退職金制度がない代わりに毎月の給料や賞与(ボーナス)が多い、各種の福利厚生が充実しているという場合には、労働の対価を先にもらうか後でもらうかの話になるので、ライフスタイルが合えば問題ないと思われます。

むしろ世の中の不確実性が高いと考えるのであれば、後払いの退職金ではなく今もらえるものをもらってしまうということは合理的であるとも言えます。
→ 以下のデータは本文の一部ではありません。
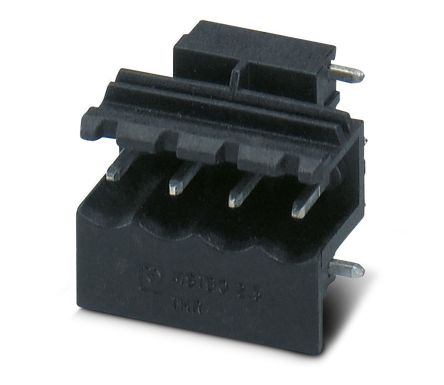 Phoenix Contact Right Angle Solder Pluggable Terminal Block, 4 Contact(s), 5 mm Pitch, 1 Row(s), Unshrouded [2697204]; 241-6018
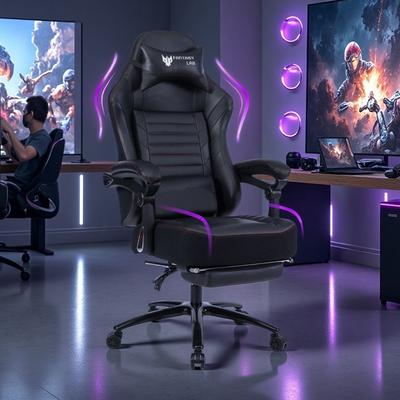 PU Racing Gaming Chair with Massage Lumbar Support and Retractable Footrest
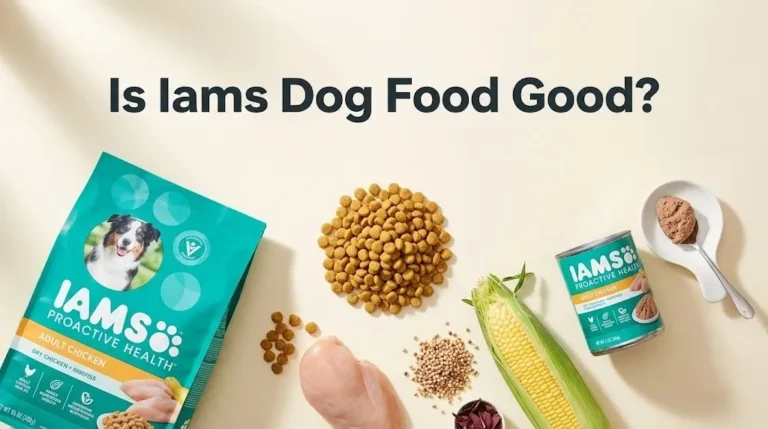 Flat-lay of Iams dry and wet dog food with kibble and pate samples, with the headline Is Iams Dog Food Good as text overlay.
また、転職を考えているような場合、退職金を退職時にまとめてもらうより先にもらって自分で管理したいというような場合には、退職金がない代わりに給料・賞与が多い会社は合っていると考えられます。

参考:入らない方がいい会社

辞めた方がいい会社・入らない方がいい会社

退職金なしの場合の老後の備え方

退職金なしの場合でも、普通の家計管理と同じように家計を見直して、収入を増やして支出を減らす、先取り貯金で貯金を増やす、資産運用をするというようなことが大切になります。なお、老後・定年後の収入源については次の記事が参考となります。

参考:老後のお金をどうするか

老後・定年後の生活を支える6つの収入源(お金)と最後の手段

退職金なしの場合にはライフプランを立て大丈夫か確認する

退職金がない場合にはライフプランを立ってみて、家計の収支が長期的に大丈夫かを確認しておくことも大切です。

特に退職して年金生活に入った段階で、いくら位の貯金を確保しておくべきなのか、老後の生活は破綻しないのかなどを確認しておく必要があります。

もし老後のお金が足りないようであれば、家計を見直して収入を増やすか支出を減らして備える必要があります。

退職金なしの場合は老後資金をしっかり貯金する

退職金がない場合に家計管理で気を付ける点についてです。老後生活に入る前に退職金というまとまったお金が入らないために老後の生活資金を計画的に貯めることが重要になります。

退職金ではなく給料・賞与が多い場合は、給料や賞与を使い切らないようにして、老後生活に備えてしっかりとお金を蓄えることが大切です。

また、待遇が悪いため退職金がない場合には、給料・賞与も少なめになるので毎月の家計管理でお金を貯めるのが難しくなりますが、支出を抑えて手取りの2割を貯金に回すようにすることが大切です。場合によっては収入を増やすために転職をすることも重要になります。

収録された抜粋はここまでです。